Zum feministischen Kampftag wird es bundesweit Demonstrationen geben. Doch seit dem 7. Oktober und dem terroristischen Angriff der Hamas auf Israel ist auch in progressiven Szenen nichts mehr, wie es war. Deshalb organisiert das Bündnis „Feminism unlimited“ eine Demonstration gegen „selektiven Feminismus“. Was damit gemeint ist, haben wir die Sprecherin der Gruppe, Theresa Serber, gefragt.
t-online: Warum organisieren Sie eine feministische Demonstration für Berlin am 8. März?
Theresa Serber: Wir sind enttäuscht, bitter enttäuscht von feministischen Gruppen in Berlin, die die patriarchale Gewalt der Terrororganisation Hamas gegen Frauen in Israel am 7. Oktober entweder nicht thematisieren oder sie sogar als Propaganda einordnen oder schlimmstenfalls die Vergewaltigungen als antiimperialistischen Widerstand feiern. Wir verstehen Feminismus ausdrücklich als eine Bewegung, die alle Frauen und queeren Menschen einschließt – natürlich auch die jüdischen Frauen in Israel oder die von Islamismus betroffenen Frauen weltweit, zum Beispiel im Iran, in Kurdistan und in Nigeria. Die Hamas setzt sexuelle Gewalt als Kriegswaffe ein, und sie unterdrückt auch als klerikal-faschistische Bewegung die Rechte von Frauen und queeren Menschen in Palästina. Wie kann es sein, dass andere feministische Gruppen das nicht benennen?
Zur Person
Theresa Serber ist Journalistin und Sprecherin der Gruppe „Feminism unlimited“. Die Demonstration findet am Freitag ab 15 Uhr am Helsingforser Platz in Berlin-Friedrichshain statt. Dort sprechen unter anderem Sharon Adler, Journalistin und Nachfahrin von Holocaust-Überlebenden sowie Ermordeten, und Hengameh Yaghoobifarah, eine journalistisch tätige, deutsch-iranische nichtbinäre Person.

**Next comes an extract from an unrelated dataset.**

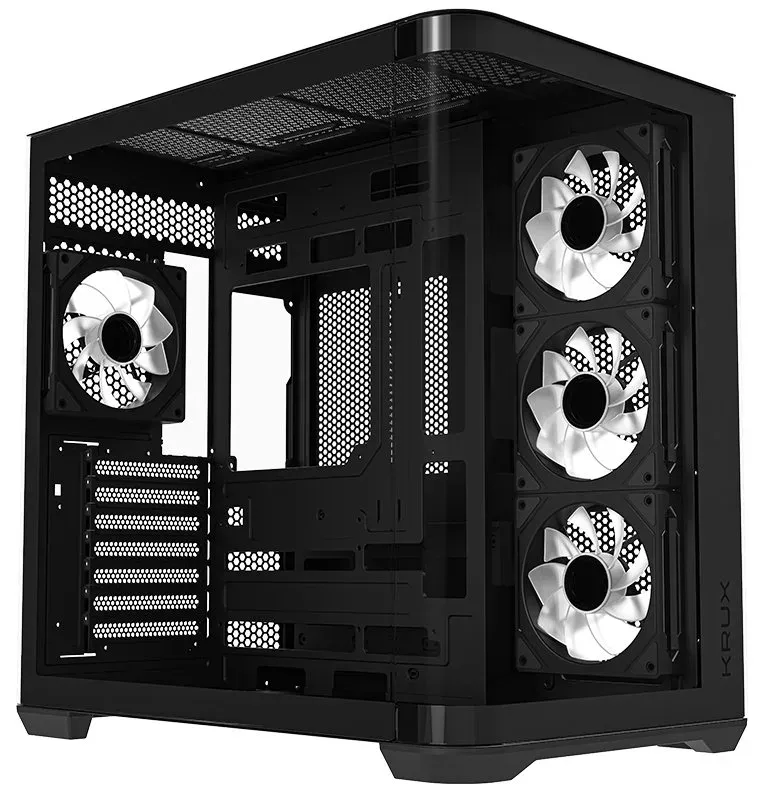 Krux skříň Tano ATX / 4x120 mm PWM ARGB fan / 2xUSB 3.0 / USB-C / panoramatická zaoblená/ černá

Was befürchten Sie mit Blick auf die große, etablierte Demonstration zum 8. März in Berlin?
Es gibt leider nicht wenige feministische Organisationen, die antisemitische Propaganda auf die Straßen tragen werden. Sie sagen, die sexuellen Übergriffe des 7. Oktober seien übertrieben oder auch erfunden, um einen vermeintlichen „Genozid“ in Gaza zu rechtfertigen. Dabei sollte es doch eine Grundlage feministischen Handelns sein, den Opfern sexualisierter Gewalt zu glauben und ihre Aussagen nicht infrage zu stellen. Auch, wenn sie aus Israel stammen. Hier Unterschiede zu machen, ist einer feministischen Veranstaltung nicht würdig.

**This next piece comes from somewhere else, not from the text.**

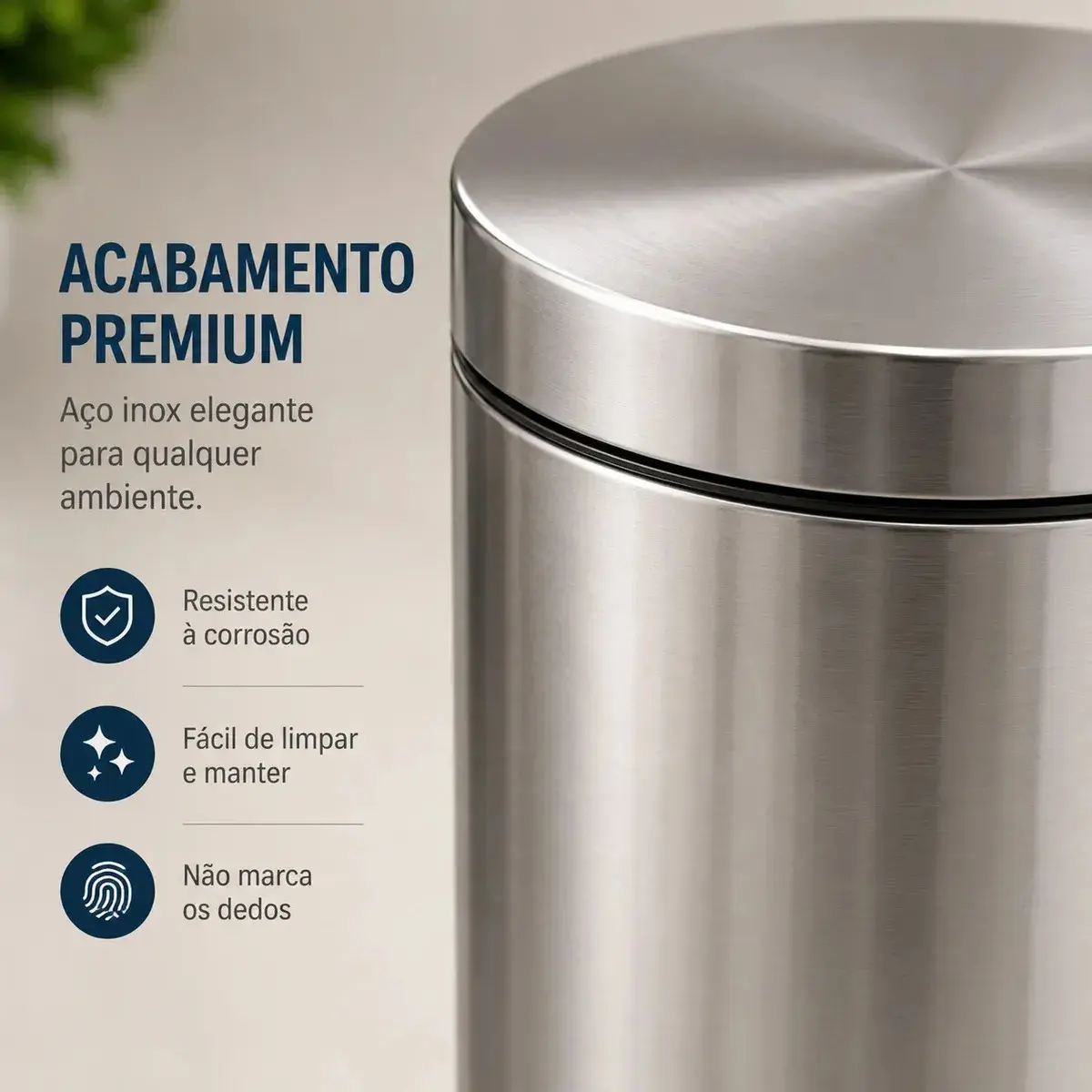Lixeira Inox 8L Com Pedal E Cesto Removível Para Banheiro Cozinha e Escritório 8 Litros Aço Inox Redonda Balde Removível Com Alça Cor Inox Pítia thumbnail 5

Ist es das, was Sie mit „selektivem Feminismus“ meinen?
Ja, genau. Feminismus sollte sich für die Rechte aller Frauen und queeren Menschen einsetzen und keine Unterschiede machen, wo jemand herkommt und ob die Erzählungen der Personen ins eigene Weltbild passen. Dies gilt für Frauen und queere Menschen aus der Ukraine genauso wie im Sudan – wo übrigens gerade ein Genozid stattfindet, der keinerlei empörte Aufmerksamkeit erfährt.

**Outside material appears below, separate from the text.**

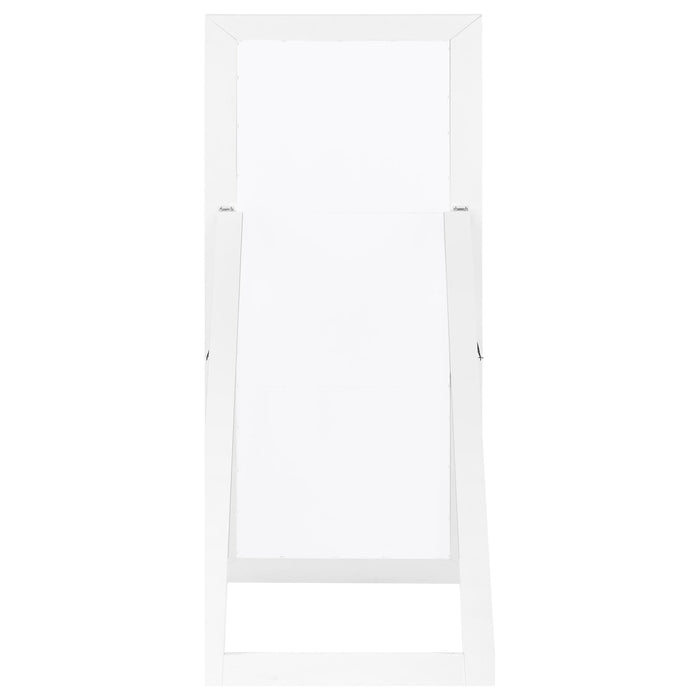 Cadence Tempered Glass Full Length Standing Mirror White High Gloss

Wenn Sie sich explizit mit Antisemitismus auseinandersetzen – was ist mit dem Leid der Palästinenserinnen in Gaza?
Wir möchten genauso in den Blick nehmen, dass palästinensische Menschen unter dem Krieg leiden, dass sie Gewalt erfahren und unsere Solidarität brauchen, denn auch sie sind von Islamismus betroffen, der sie in diese Situation gebracht hat. Uns ist klar, dass gerade Frauen und Kinder besonders unter der Kriegssituation zu leiden haben. Aber um da unsere Solidarität auszudrücken und zu leben, brauche ich nicht in brutalen Antisemitismus zu verfallen.
Was wünschen Sie sich zum 8. März?
Ich wünsche mir einen solidarischen, hoffnungsvollen, kämpferischen feministischen Kampftag und eine gelungene Demonstration. Möge sie einen Anstoß dafür geben, sich auch in progressiven Szenen damit auseinanderzusetzen, dass Antisemitismus kein Nebenwiderspruch ist, wenn es um emanzipatorische Prozesse geht, sondern dass wir ihn immer im Blick haben müssen.